BEGIN

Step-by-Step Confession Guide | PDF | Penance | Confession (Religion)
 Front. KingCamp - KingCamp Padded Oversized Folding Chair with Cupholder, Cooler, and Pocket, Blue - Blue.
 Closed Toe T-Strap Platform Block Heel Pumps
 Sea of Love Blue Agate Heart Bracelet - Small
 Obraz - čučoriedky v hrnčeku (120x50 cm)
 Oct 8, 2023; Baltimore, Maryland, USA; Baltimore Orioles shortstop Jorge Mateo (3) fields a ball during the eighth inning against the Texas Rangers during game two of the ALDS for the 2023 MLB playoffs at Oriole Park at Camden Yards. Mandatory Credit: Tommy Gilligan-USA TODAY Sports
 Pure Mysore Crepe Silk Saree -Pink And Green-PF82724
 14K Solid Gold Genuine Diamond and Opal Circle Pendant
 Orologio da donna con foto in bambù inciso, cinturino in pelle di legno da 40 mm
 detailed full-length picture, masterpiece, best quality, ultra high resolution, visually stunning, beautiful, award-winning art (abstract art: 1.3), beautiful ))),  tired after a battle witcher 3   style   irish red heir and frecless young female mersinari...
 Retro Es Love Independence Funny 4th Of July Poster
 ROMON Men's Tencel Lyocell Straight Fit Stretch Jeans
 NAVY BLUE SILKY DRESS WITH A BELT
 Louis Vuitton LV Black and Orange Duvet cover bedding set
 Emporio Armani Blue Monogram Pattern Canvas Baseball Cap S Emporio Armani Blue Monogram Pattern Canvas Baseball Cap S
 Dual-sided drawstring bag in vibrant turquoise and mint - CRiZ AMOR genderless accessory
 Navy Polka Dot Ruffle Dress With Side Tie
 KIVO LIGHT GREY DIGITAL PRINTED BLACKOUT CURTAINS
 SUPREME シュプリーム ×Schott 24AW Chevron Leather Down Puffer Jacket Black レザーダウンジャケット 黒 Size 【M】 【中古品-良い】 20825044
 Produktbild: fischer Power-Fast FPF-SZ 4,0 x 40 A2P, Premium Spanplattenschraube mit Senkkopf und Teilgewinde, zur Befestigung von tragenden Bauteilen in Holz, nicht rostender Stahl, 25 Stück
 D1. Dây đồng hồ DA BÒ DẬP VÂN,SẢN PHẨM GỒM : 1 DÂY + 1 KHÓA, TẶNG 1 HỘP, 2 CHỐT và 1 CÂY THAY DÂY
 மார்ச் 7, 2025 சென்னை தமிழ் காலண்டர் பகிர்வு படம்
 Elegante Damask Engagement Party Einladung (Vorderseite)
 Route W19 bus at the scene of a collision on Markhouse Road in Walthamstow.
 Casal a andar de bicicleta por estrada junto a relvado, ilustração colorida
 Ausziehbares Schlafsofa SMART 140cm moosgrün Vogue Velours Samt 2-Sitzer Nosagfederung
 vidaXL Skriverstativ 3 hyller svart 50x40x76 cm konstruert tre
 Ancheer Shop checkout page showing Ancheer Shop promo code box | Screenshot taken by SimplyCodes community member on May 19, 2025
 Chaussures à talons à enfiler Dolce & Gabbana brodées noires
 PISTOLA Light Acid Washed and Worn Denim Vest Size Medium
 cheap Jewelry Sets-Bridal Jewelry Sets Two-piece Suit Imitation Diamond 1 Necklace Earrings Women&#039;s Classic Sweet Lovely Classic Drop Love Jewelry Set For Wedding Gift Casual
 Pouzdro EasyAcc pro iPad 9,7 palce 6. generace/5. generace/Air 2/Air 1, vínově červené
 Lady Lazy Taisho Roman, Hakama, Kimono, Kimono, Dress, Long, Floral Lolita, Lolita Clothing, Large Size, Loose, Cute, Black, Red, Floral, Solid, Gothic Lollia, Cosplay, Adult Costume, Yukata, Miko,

END

The answer should be only a number: the count of lines in the listing above that contain the word "Love".

3